Had I not seen the guest appearance by (most of) The Kids on the most recent episode of The Soup, I probably would have missed this:

"Death Comes to Town" on IFC, beginning Friday, August 20th.

Looking forward to this mini-series. Should be showing up in my guide later tonight! :up:


----------



## wmcbrine (Aug 2, 2003)

A belated WARNING: if you set your Season Pass to First-run only, as I did, it _will not record_. This is because the "original air date" is in January (when it aired in Canada).

Can anybody get me the first ten minutes?  Eh, I guess I should do what Dave Foley did, and bittorrent it...


----------



## jtlytle (May 17, 2005)

That show isn't available in Orlando - Comcast!! 

I was Publicist's assistant for Kids in the Hall back in 1990's when I lived in Toronto and worked for Canadian Broadcasting Corporation ( CBC) My Publicist's name was Elaine Mock.


----------



## wmcbrine (Aug 2, 2003)

The guide data for this show is all messed up now, at least on Fios. If you have an SP for "The Kids in the Hall: Death Comes to Town", it will _not_ record the remaining episodes. Instead, they now appear as just "Death Comes to Town", with no description. They do have episode numbers, though. You can probably set an SP for the new title, but since all the remaining episodes are in range now, I just set each to record.


----------



## tlc (May 30, 2002)

Damn, my early SP missed this. There seems to be a marathon on the 12th, though.


----------



## krkaufman (Nov 25, 2003)

tlc said:


> Damn, my early SP missed this. There seems to be a marathon on the 12th, though.

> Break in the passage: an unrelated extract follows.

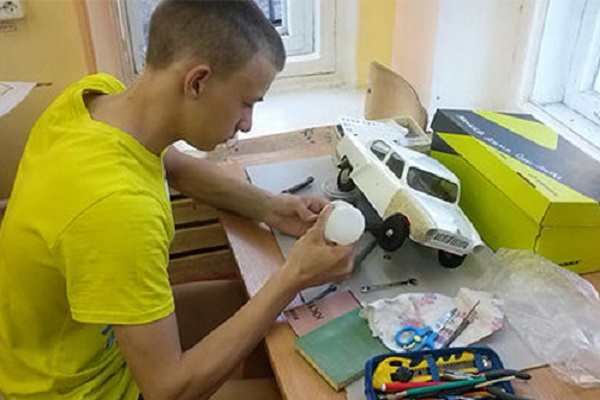 Соревнования по автомоделизму пройдут в Дзержинске Нижегородской области 19 февраля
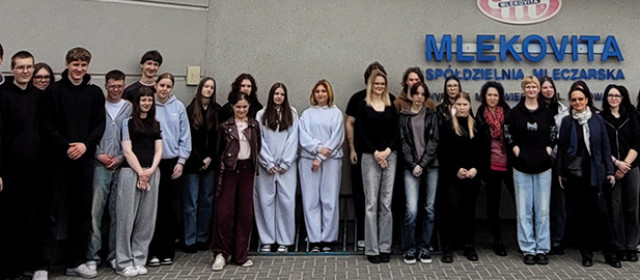 Wycieczka zawodowa do Mlekovity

Confirmed. All 8 episodes are scheduled to air, in sequence, this coming Sunday, Sept 12, beginning at noon Eastern.


----------



## windracer (Jan 3, 2003)

tlc said:


> Damn, my early SP missed this.


Arrgh, mine too, and I didn't notice until this thread was updated. I've re-created the SP and hopefully will catch the marathon this way.


----------



## tlc (May 30, 2002)

Double crap!

Sometime since I checked last night, the guide data changed back
to "*Kids in the Hall:* Death Comes to Town" and my new subscription
was missing them!! I've recovered in time for #3

IFC and Sundance are really screwing me with their guide data.


----------



## windracer (Jan 3, 2003)

Argh! You're right! So now I got nothing whereas if I had left my original SP alone it would have been fine. They are apparently determined not to have anyone TiVo this show.


----------